Summa Teologica - II-II |
Infra, q. 60, a. 2, ad 3; In 4 Sent., d. 10, q. 2, a. 2, sol. 2; De Virt., q. 3, a. 1, ad 15, 16; In Ioan., c. 8, lect. 1; In Rom., c. 2, lect. 1
Pare che un peccatore sia tenuto a correggere i colpevoli.
1. Nessuno è dispensato dall'osservanza di un precetto per il fatto che ha commesso un peccato.
Ma la correzione fraterna, come si è visto [ a. 2 ], è di precetto.
Quindi pare che uno non debba trascurare questa correzione a motivo di un peccato commesso.
2. L'elemosina spirituale vale più dell'elemosina materiale.
Ma chi è in peccato non deve astenersi dal fare l'elemosina materiale.
Molto meno quindi per il peccato precedente deve astenersi dal correggere i colpevoli.
3. Sta scritto [ 1 Gv 1,8 ]: « Se diciamo di essere senza peccato, inganniamo noi stessi ».
Se quindi il peccato impedisse di fare la correzione fraterna, nessuno sarebbe in grado di correggere i peccatori.
Il che è inammissibile.
S. Isidoro [ Sent. 3,32 ] afferma: « Non deve correggere i vizi altrui chi è soggetto ai vizi ».
E S. Paolo [ Rm 2,1 ] osserva: « Mentre giudichi gli altri, condanni te stesso: infatti tu che giudichi fai le medesime cose ».
Come si è già detto [ a. 3, ad 2,3 ], la correzione del peccatore spetta a qualcuno in quanto vige in lui il retto giudizio della ragione.
Ora il peccato, come si è visto [ I-II, q. 85, a. 2 ], non elimina il bene naturale totalmente, in modo che nel peccatore non rimanga nulla del retto giudizio della ragione.
In forza dunque di questa rettitudine egli è in grado di rimproverare il peccato di un altro.

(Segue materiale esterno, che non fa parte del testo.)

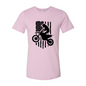 DT0473 Motocross Shirt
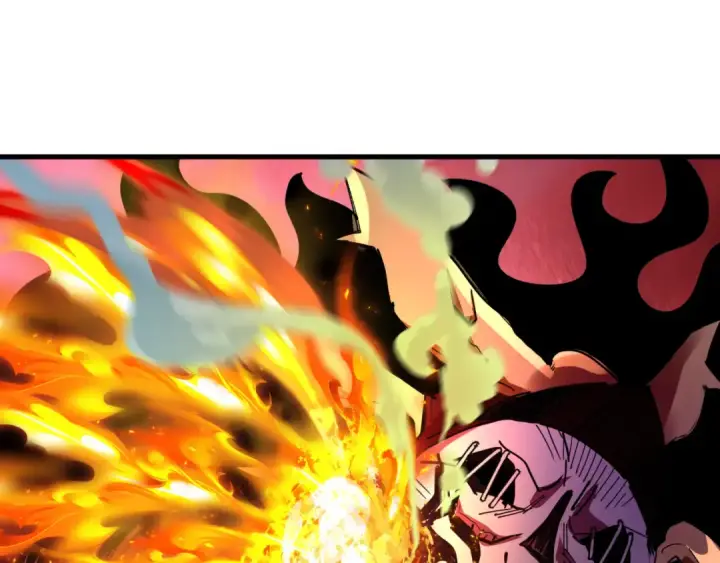 《全球诡异时代》第449话 扶桑篇图163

Tuttavia col peccato precedente viene posto un ostacolo a questa correzione per tre motivi.
Primo, perché col peccato uno si rende indegno di correggere gli altri.
E specialmente se egli ha commesso un peccato più grave, non è in grado di correggere un altro di un peccato più piccolo.
Per cui a commento delle parole evangeliche [ Mt 7,3 ]: « Perché osservi la pagliuzza », ecc., S. Girolamo [ In Mt 1 ] afferma: « Il Signore qui parla di coloro i quali, essendo colpevoli di peccati mortali, non ammettono nei loro fratelli peccati più piccoli ».
Secondo, la correzione è resa inopportuna per lo scandalo che la accompagna, se il peccato di chi vuol correggere è conosciuto: perché così egli mostra di correggere non per carità, ma per ostentazione.
Per cui il Crisostomo [ Op. imp. in Mt hom. 17 ] così commenta le parole evangeliche [ Mt 7,4 ]: « Come puoi dire al tuo fratello », ecc.: « Con quale intenzione? Lo fai forse per carità, per salvare il tuo fratello?
No: perché prima salveresti te stesso.
Perciò tu non vuoi salvare gli altri, ma vuoi nascondere con la bontà dell'insegnamento la cattiva condotta, e cercare presso gli uomini la lode della scienza ».
Terzo, per la superbia di chi fa la correzione: perché così uno minimizza i propri peccati, e in cuor suo preferisce se stesso al prossimo giudicandone con severità le colpe come se lui fosse onesto.
Per cui S. Agostino [ De serm. Dom. in monte 2,19.63 ] afferma: « Accusare i vizi è compito dei buoni; e quando lo fanno i cattivi, ne usurpano le parti ».
Perciò, come il Santo [ De serm. Dom. in monte 2,19.63 ] ammonisce, « quando siamo costretti a riprendere qualcuno, pensiamo se si tratta di un vizio che noi non abbiamo mai avuto: e allora riflettiamo che siamo uomini, e avremmo potuto averlo.
E se si tratta di un vizio che abbiamo avuto nel passato e adesso non abbiamo più, allora ricordiamoci della comune fragilità, affinché quella correzione non sia preceduta dall'odio, ma dalla misericordia.
Se poi ci accorgiamo di essere nel medesimo difetto, non rimproveriamo, ma piangiamo insieme e invitiamo gli altri a pentirsi con noi ».
Da queste parole dunque risulta che se il peccatore corregge con umiltà non pecca, e non merita una nuova condanna; sebbene allora egli si mostri condannabile per il peccato commesso o di fronte alla coscienza del proprio fratello, o almeno di fronte alla propria.
Sono così risolte anche le obiezioni.